We have a Supplemental Needs Trust for our older son (25 years old). We have named a younger son (23 years old) as the trustee and a friend (60 years old) as a co-trustee that our younger son can change if he wants. Our financial person has been encouraging us to use an institutional trustee from his company to be a contingent trustee. Our older son is not on government benefits – long story – but it just isn’t going to work for his situation – as of now.

I am currently the trustee for my sister’s special needs trust. I understand all the work involved and am good at it. My sister is well taken care of.

My question is this – do you think it wise to have an institutional trustee versus an independent professional trustee as a contingent trustee? I do not feel comfortable having a distant family member besides my son as trustee. Should the trustee be associated with where the accounts (as our finance person suggests – he also mentioned private professional ones too) are located or where our son is?

Family-member-trustees-special-needs-trust-Wellesley-MA-02481Photo by Nathan Anderson on Unsplash


First, I do think, in most cases, it is useful to have a professional co-trustee of special needs trusts, whether that’s an institution, such as a bank or trust company, or an individual professional, such as an attorney or accountant. There’s a lot a trustee must do competently, including bookkeeping, making disbursements, evaluating requests for funding, investing, and filing annual tax returns. In the case of a special (or “supplemental”) needs trust, in addition to these standard trustee responsibilities, trustees of special needs trusts have to be aware of public benefit rules and probably have a greater responsibility than other trustees to look into the general welfare of the beneficiary.

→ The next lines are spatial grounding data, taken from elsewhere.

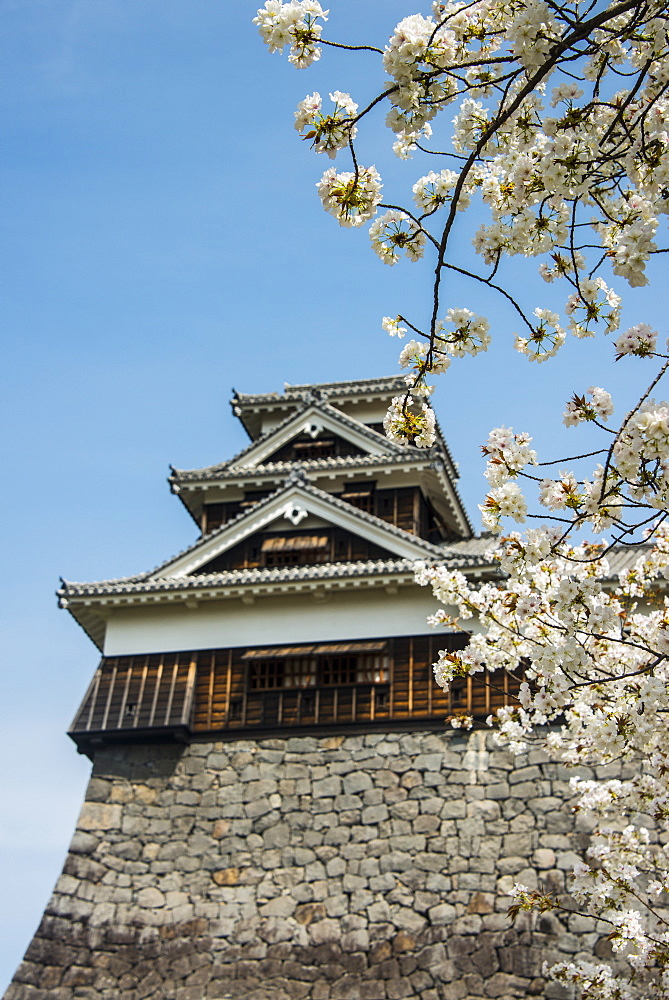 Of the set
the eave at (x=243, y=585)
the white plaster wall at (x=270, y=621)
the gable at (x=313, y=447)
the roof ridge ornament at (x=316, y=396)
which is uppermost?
the roof ridge ornament at (x=316, y=396)

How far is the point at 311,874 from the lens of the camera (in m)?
16.3

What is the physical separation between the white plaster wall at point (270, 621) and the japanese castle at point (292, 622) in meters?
0.02

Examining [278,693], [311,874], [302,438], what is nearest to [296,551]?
[278,693]

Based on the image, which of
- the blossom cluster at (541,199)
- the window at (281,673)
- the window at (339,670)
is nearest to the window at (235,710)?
the window at (281,673)

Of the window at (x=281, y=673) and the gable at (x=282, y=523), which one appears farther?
the gable at (x=282, y=523)

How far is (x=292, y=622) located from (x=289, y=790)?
2709mm

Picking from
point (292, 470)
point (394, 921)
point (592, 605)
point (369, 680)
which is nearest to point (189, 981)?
point (394, 921)

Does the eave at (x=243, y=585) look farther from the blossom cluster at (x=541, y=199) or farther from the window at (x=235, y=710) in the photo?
the blossom cluster at (x=541, y=199)

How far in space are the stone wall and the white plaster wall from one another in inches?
66.4

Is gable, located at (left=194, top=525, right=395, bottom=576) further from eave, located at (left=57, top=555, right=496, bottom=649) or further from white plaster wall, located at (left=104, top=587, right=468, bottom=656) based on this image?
white plaster wall, located at (left=104, top=587, right=468, bottom=656)

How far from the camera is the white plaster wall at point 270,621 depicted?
1788cm

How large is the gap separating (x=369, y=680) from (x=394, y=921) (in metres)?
3.62

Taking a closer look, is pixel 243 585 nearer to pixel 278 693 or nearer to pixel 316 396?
pixel 278 693

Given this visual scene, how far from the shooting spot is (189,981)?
615 inches
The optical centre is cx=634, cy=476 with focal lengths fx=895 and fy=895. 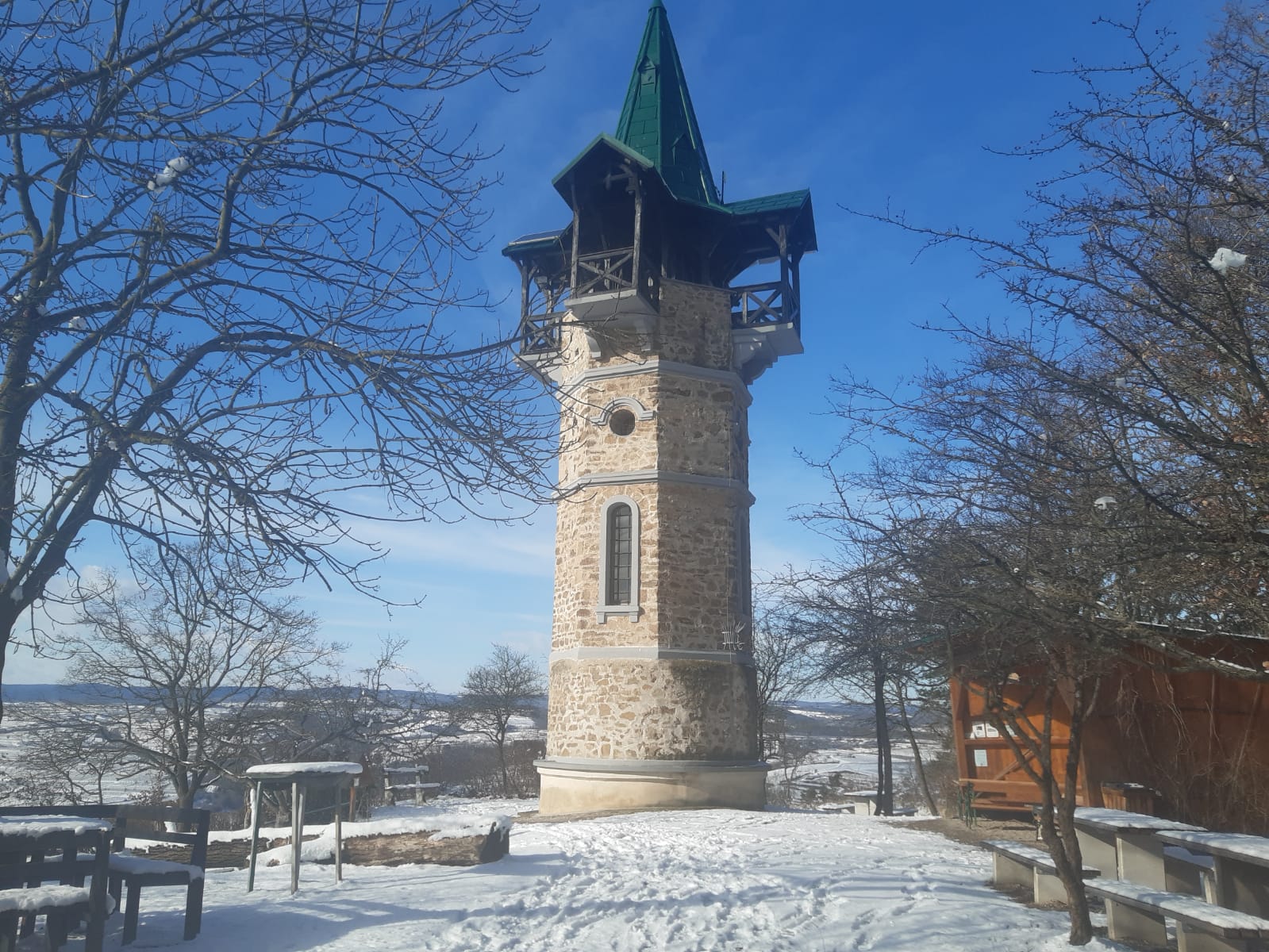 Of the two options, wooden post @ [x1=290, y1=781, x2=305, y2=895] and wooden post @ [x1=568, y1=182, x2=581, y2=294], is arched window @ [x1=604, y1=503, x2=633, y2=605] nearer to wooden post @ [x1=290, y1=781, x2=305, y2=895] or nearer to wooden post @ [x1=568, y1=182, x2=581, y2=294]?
wooden post @ [x1=568, y1=182, x2=581, y2=294]

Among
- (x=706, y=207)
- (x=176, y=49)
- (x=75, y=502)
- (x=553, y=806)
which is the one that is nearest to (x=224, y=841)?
(x=553, y=806)

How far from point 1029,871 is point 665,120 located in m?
14.2

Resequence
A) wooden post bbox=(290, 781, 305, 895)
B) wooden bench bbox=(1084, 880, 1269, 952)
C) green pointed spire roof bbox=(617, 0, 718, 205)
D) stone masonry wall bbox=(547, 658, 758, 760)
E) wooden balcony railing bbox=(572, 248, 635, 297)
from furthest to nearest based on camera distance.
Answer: green pointed spire roof bbox=(617, 0, 718, 205) < wooden balcony railing bbox=(572, 248, 635, 297) < stone masonry wall bbox=(547, 658, 758, 760) < wooden post bbox=(290, 781, 305, 895) < wooden bench bbox=(1084, 880, 1269, 952)

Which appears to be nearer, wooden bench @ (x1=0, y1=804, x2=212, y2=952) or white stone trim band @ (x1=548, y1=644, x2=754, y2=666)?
wooden bench @ (x1=0, y1=804, x2=212, y2=952)

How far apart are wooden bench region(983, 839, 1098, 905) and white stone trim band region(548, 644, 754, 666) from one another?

This is a lot of responsibility to place on anyone, especially in your case on a younger sibling of the beneficiary, perhaps just when he’s getting started on a career and family. A professional co-trustee can take some of the burden off his shoulders at the same time providing continuity in case the family member trustee becomes less active during periods in his life. At the same time, I also like having a family member co-trustee to make sure that someone who knows the beneficiary intimately is staying involved and keeping the professional trustee on its toes.

But that’s not really answering your question. As for the question of choosing between an institution and an individual professional, both have their benefits and risks. Institutional trustees are more likely to provide continuity and to have infrastructure and systems in place to make sure the basic trust functions are managed with no slip-ups. But they can be a bit impersonal and offer less continuity in a fashion, because the personnel of the bank or trust company may change over time. A professional individual is likely to be more personally connected and offer more continuity as long as she can serve in this role. But she may be less responsive when she gets busy due to work or family demands and, inevitably, will have to be replaced when she retires sometime in the future.

So, unfortunately, there’s no one-size-fits-all solution. You will have to pick the one that feels best right now and then review it every few years to make sure it still makes sense. Whatever choice you make, it’s very important that your younger son be able to change the trustee, as you say he can. But if possible, it would be good to give someone else this oversight role as a backup to your younger son if and when he can no longer fill it.